The ARM algorithm pipelines manipulation into three stages. First, the Q-attention module identifies relevant pixel locations from RGB images and point clouds. This module treats the image as an environment and pixel locations as actions, learning to focus on key areas. Second, a next-best pose agent receives crops from the Q-attention module and predicts 6D poses using a confidence-aware critic. Finally, a control agent uses these poses to output joint actions, controlling the robot's movements. The method incorporates demonstrations to improve initial exploration, using a keyframe discovery strategy to choose relevant frames and a demo augmentation method to increase the proportion of informative transitions in the replay buffer.
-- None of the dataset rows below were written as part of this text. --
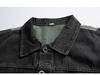 2025 Men's Plus Size Casual Denim Jacket: Trendy Patchwork, Loose Fit
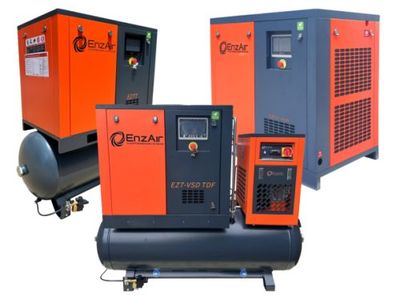 ENZAIR ROTARY SCREW AIR COMPRESSORS
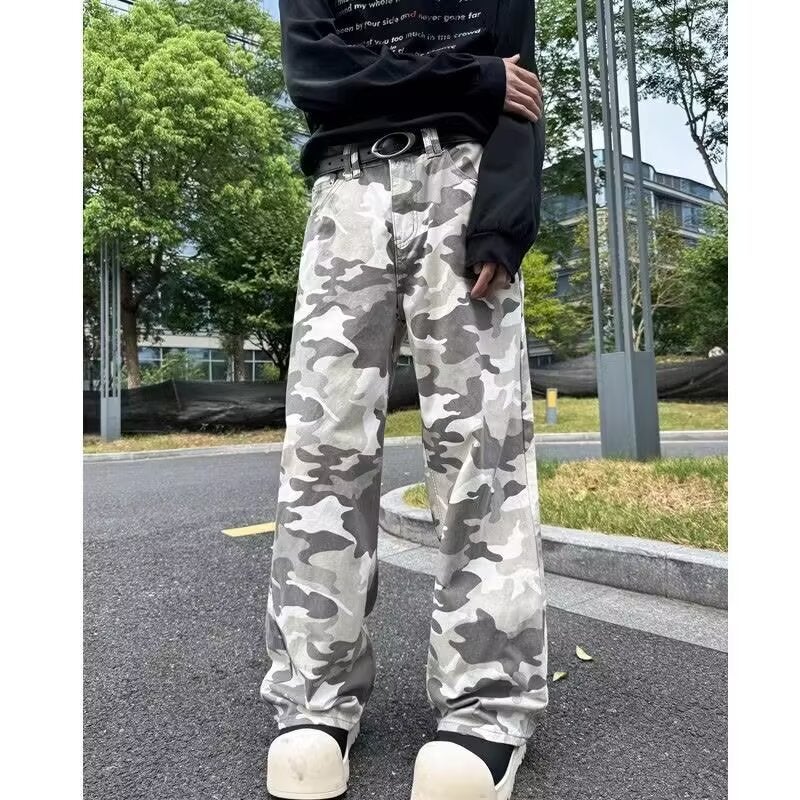 Unisex Classic Denim Jeans Loose Fit Daily Outdoor Wear - Image 2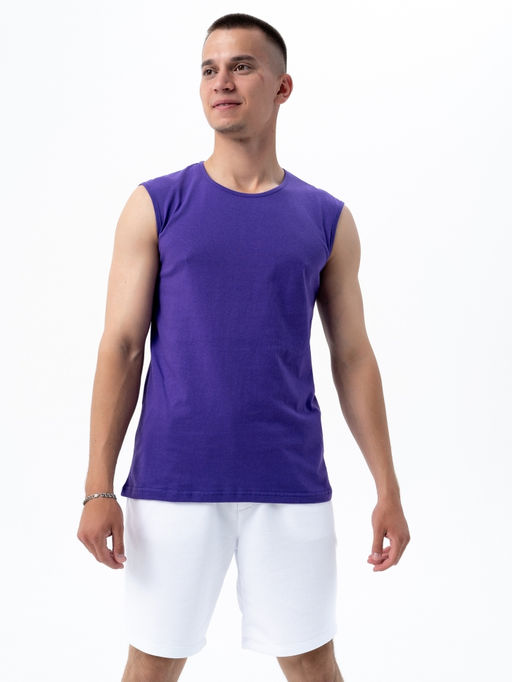 Майка хлопок 100%,сиреневая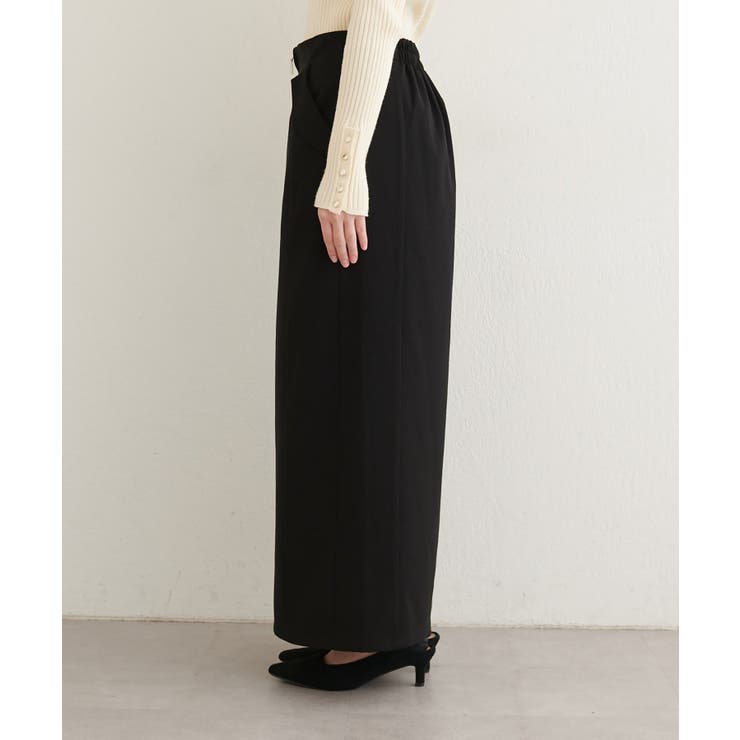 【natural couture】フラップポケットジップスカート | NICE CLAUP / OLIVE des OLIVE　OUTLET | 詳細画像6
Algorithm 1 outlines the ARM procedure:

Algorithm 1: ARM Input: Initial Q-attention network Q_\psi, twin-critic networks Q_{\theta_1}, Q_{\theta_2}, and actor network π_\phi Initialize: Target networks Q_{\psi'} ← Q_\psi, Q_{\theta_1'} ← Q_{\theta_1}, Q_{\theta_2'} ← Q_{\theta_2} Initialize: Replay buffer D with demos, apply keyframe discovery and demo augmentation for each iteration do for each environment step do (b_t, p_t, z_t) ← o_t {Observation} (x_t, y_t) ← argmax2D_{a'} Q_\psi((b_t, p_t), a') {Q-attention: pixel coordinates} b_t', p_t' ← crop(b_t, p_t, (x_t, y_t)) {Crop RGB and point cloud} a_t ∼ π_φ(b_t', p_t', z_t) {Sample pose from policy} o_{t+1}, r ← env.step(a_t) {Execute action} D ← D ∪ {(o_t, a_t, r, o_{t+1}, (x_t, y_t))} {Store transition} end for each gradient step do ψ ← ψ - ∇_ψ J_Q(ψ) {Update Q-attention} θ_i ← θ_i - ∇_{θ_i} J_Q(θ_i) for i ∈ {1, 2} {Update critic} φ ← φ - ∇_φ J_π(φ) {Update policy} ψ' ← τψ + (1-τ)ψ' {Update Q-attention target} θ_i' ← τθ_i + (1-τ)θ_i' for i ∈ {1, 2} {Update critic target} end end

Key Innovations

The Q-attention mechanism is a key contribution, representing an off-policy hard attention mechanism learned via Q-Learning. The confidence-aware Q function, which predicts pixel-wise Q values and confidence values, improves actor-critic stability. Additionally, the keyframe discovery and demo augmentation methods improve the utilization of demonstrations in RL.

Experimental Results

The ARM algorithm was evaluated on eight RLBench tasks, demonstrating its ability to solve challenging, sparsely-rewarded manipulation tasks. The algorithm outperforms baseline methods, including behavioral cloning, SAC+AE, DAC, SQIL, and DrQ. Ablation studies validate the importance of the Q-attention module, with the confidence-aware critic and demo augmentation contributing to overall stability and performance. The method demonstrates robustness to varying numbers of demonstrations and crop sizes.

Implementation Details

The Q-attention network implements a lightweight U-Net architecture. The next-best pose agent utilizes a modified version of SAC with a confidence-aware soft Q-function. Motion planning with the SBL planner within OMPL is used for the control agent. Keyframe discovery involves identifying states with changes in gripper state or near-zero velocities. Demo augmentation stores transitions from intermediate points to keyframe states, maximizing demonstration utility.

Implications and Future Directions

The ARM algorithm represents a step toward more efficient and generalizable robotic manipulation. The Q-attention mechanism and confidence-aware critic offer potential for broader application in RL. Future research could focus on extending the approach to dynamic environments, integrating multiple camera inputs, and improving sample efficiency for real-world training.